I initially headed towards adoption. My first husband and I attended the classes, got approved for a child, went through the inspections. All without disclosing to the social worker that he was an alcoholic. We even got the call that we would soon have a child placed. Then I was gripped with the reality that how could I bring a child into a home with an alcoholic parent? Honestly, could I be more selfish? So I called the social worker and told her the truth. With amazing wisdom and profound truth, she said “Why are you in this alcoholic marriage?” The beginning of the end.
Let me preface by saying these thoughts are by no means just for women. Men who are not dads experience many of the same feelings on Father’s Day and all of us experience this in different ways. So, when society (friends, family, strangers, TV, Hallmark, even the church) expects us to be a certain way, to have a certain life and we “fall short” – what then? How do we live the life unlived?
Mother’s Day can be a painful and complex day for us childless women. It can even make us feel a bit bitter. Have you been there? Have you felt the pang when seeing others that have what you may want in relationships, marriages, parenting, etc., yet for you, it hasn’t worked out? First of all, it’s ok to be a bit bitter, it is a valid human emotion. Bitterness is one of the faces of anger, and anger is part of grieving. Unexpressed, it just goes underground and wreaks havoc on your mind and body. The bible tells us be angry, God can handle it – but do not sin. But, no question, it is hard.
Perhaps one of the hardest aspects of grieving the life unlived, the mother we’ll never be, and the children we’ll never have is that our grief is hidden and unrecognized. The unspoken reaction to our pain is ‘How can you grieve something you’ve never had?’ Others, even those close to us, often fail to realize the depth and reach of our loss. We will never watch our kids grow up, never throw children’s birthday parties, never take that ‘first day at school photo, never teach them to ride a bike. And, just as you come to terms with the fact you never had children – your friends become grandparents! In today’s society, we are often led to feel as if we are not ‘real’ women, as if somehow we are less than others. But that is not God’s perspective.

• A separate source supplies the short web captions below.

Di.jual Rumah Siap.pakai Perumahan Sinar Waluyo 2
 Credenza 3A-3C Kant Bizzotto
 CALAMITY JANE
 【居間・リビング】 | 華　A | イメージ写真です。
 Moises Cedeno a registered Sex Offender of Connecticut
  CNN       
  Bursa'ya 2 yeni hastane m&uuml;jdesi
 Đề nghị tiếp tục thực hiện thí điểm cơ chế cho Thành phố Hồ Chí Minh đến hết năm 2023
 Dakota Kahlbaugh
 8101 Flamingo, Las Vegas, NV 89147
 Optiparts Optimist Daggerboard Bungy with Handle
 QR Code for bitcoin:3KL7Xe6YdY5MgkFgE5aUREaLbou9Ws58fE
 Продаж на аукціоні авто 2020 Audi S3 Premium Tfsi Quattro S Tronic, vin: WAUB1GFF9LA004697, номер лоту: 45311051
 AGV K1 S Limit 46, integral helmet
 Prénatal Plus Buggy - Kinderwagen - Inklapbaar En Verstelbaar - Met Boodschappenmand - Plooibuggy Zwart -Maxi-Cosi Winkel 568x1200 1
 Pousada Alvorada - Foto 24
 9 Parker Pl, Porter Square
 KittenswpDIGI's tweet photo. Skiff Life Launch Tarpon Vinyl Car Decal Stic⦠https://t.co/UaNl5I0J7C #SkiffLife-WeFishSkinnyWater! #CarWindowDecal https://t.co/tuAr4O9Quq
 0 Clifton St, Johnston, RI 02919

In the shadows, throughout our life, we have grief-heavy hearts. So, how do we handle Mother’s Day? Get real. It’s ok to tell those around us that Mother’s Day is hard. These days, having come out the other side of my grief, I am acutely aware of what it’s like when society says you fall short – in what life is “supposed” to be.
We have all heard the passage that God uses all things for good! In my case, I have lived it. I have seen God take my story and use it for His good, His glory, His purpose. There are certainly more, but here are two that speak volumes to me.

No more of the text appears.